| Directions |
Write out the lines from the top of the material through the line with "A large pair of onyx and ormolu lamps", exactly and with nothing added.

| Supplied information |
■ ■ ■ ■ ■ ■ ■

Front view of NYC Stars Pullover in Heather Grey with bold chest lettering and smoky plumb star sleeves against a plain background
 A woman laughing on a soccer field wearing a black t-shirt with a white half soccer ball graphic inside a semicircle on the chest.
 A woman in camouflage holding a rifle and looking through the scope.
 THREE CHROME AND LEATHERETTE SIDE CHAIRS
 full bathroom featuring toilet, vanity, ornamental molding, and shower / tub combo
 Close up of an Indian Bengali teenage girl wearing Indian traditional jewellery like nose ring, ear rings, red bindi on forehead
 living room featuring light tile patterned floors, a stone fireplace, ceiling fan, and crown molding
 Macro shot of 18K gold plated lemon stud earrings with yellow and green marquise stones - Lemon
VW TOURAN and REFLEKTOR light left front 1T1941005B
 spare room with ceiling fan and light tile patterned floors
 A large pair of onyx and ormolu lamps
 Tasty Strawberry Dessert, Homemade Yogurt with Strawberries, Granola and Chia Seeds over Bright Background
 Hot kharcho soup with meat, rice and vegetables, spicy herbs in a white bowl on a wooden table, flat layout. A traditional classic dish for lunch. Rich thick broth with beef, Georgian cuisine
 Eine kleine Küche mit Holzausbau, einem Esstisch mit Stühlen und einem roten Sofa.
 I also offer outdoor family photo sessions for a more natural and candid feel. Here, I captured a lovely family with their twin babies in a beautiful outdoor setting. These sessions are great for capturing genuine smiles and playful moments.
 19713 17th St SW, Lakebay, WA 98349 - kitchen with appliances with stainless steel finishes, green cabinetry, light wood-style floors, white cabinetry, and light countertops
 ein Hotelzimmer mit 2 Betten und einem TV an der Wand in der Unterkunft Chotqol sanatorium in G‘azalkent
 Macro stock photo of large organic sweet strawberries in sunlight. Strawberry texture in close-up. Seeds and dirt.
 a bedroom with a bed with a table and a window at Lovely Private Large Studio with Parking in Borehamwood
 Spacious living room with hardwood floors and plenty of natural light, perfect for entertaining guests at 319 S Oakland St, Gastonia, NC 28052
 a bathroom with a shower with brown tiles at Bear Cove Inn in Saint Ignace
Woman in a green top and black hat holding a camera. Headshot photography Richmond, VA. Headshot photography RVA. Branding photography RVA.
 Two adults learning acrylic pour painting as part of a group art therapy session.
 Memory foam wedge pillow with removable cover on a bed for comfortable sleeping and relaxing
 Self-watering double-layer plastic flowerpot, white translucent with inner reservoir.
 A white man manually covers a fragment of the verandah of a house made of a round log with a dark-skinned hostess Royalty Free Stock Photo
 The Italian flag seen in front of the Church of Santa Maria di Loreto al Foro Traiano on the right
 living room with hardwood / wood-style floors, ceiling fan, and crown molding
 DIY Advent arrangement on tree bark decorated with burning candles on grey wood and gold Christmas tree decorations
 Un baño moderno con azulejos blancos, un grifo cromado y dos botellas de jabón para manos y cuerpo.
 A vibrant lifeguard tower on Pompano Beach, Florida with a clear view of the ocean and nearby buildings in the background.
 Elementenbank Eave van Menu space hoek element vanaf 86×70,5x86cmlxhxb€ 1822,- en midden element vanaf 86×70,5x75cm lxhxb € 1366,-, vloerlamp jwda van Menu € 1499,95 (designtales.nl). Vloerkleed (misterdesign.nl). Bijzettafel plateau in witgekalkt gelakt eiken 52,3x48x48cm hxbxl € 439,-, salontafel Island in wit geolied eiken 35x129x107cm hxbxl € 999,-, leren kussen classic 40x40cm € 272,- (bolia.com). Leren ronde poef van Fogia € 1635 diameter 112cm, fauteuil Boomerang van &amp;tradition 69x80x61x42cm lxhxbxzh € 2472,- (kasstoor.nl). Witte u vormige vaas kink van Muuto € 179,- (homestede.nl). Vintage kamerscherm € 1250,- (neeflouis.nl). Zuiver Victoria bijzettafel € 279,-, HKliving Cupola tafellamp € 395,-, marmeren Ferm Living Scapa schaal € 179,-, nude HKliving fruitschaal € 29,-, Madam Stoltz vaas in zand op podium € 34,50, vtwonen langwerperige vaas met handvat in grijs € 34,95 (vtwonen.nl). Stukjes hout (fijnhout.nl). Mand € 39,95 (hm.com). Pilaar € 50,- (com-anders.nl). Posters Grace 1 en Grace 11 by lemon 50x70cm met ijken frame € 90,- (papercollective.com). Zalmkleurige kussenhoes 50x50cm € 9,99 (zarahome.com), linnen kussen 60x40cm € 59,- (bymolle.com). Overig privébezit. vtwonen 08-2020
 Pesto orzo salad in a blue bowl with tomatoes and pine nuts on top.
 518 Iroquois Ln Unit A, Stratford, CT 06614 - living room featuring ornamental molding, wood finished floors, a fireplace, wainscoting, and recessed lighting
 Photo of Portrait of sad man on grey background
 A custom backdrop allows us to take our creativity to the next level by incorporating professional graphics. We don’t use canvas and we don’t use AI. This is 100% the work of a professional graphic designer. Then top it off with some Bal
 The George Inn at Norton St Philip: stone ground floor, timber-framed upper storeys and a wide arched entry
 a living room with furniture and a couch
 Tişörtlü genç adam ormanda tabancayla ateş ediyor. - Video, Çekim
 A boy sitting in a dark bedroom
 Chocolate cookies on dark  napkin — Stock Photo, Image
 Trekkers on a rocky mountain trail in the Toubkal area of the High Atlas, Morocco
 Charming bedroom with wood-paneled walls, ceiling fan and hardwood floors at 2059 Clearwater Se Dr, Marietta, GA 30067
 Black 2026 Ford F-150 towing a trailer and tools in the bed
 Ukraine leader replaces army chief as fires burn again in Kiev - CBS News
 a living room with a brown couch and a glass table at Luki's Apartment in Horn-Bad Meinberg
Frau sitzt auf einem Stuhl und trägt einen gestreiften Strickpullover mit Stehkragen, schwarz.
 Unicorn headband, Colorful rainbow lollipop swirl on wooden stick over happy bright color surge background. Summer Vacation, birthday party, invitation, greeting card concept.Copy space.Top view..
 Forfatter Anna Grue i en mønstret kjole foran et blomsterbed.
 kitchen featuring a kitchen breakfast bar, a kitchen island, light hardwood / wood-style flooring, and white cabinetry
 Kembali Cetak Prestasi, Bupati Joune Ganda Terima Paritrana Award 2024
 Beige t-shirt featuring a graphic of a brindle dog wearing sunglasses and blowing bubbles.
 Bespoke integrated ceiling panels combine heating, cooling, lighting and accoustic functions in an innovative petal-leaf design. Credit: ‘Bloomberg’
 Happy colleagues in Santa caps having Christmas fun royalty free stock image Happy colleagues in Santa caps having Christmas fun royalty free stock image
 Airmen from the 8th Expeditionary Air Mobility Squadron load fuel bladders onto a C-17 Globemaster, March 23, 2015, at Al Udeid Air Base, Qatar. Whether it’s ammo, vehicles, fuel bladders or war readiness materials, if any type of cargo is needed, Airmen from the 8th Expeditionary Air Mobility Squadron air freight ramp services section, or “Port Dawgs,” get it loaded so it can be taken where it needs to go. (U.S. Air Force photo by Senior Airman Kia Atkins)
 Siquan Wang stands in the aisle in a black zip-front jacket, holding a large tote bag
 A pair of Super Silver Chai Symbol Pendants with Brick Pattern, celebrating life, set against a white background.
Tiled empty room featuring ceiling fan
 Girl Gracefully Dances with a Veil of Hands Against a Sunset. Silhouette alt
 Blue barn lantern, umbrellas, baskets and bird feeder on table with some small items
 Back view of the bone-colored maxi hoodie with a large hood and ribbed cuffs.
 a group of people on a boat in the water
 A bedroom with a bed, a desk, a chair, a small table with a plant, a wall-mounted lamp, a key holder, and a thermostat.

■ ■ ■ ■ ■ ■ ■

| Output for this exercise |
Front view of NYC Stars Pullover in Heather Grey with bold chest lettering and smoky plumb star sleeves against a plain background
 A woman laughing on a soccer field wearing a black t-shirt with a white half soccer ball graphic inside a semicircle on the chest.
 A woman in camouflage holding a rifle and looking through the scope.
 THREE CHROME AND LEATHERETTE SIDE CHAIRS
 full bathroom featuring toilet, vanity, ornamental molding, and shower / tub combo
 Close up of an Indian Bengali teenage girl wearing Indian traditional jewellery like nose ring, ear rings, red bindi on forehead
 living room featuring light tile patterned floors, a stone fireplace, ceiling fan, and crown molding
 Macro shot of 18K gold plated lemon stud earrings with yellow and green marquise stones - Lemon
VW TOURAN and REFLEKTOR light left front 1T1941005B
 spare room with ceiling fan and light tile patterned floors
 A large pair of onyx and ormolu lamps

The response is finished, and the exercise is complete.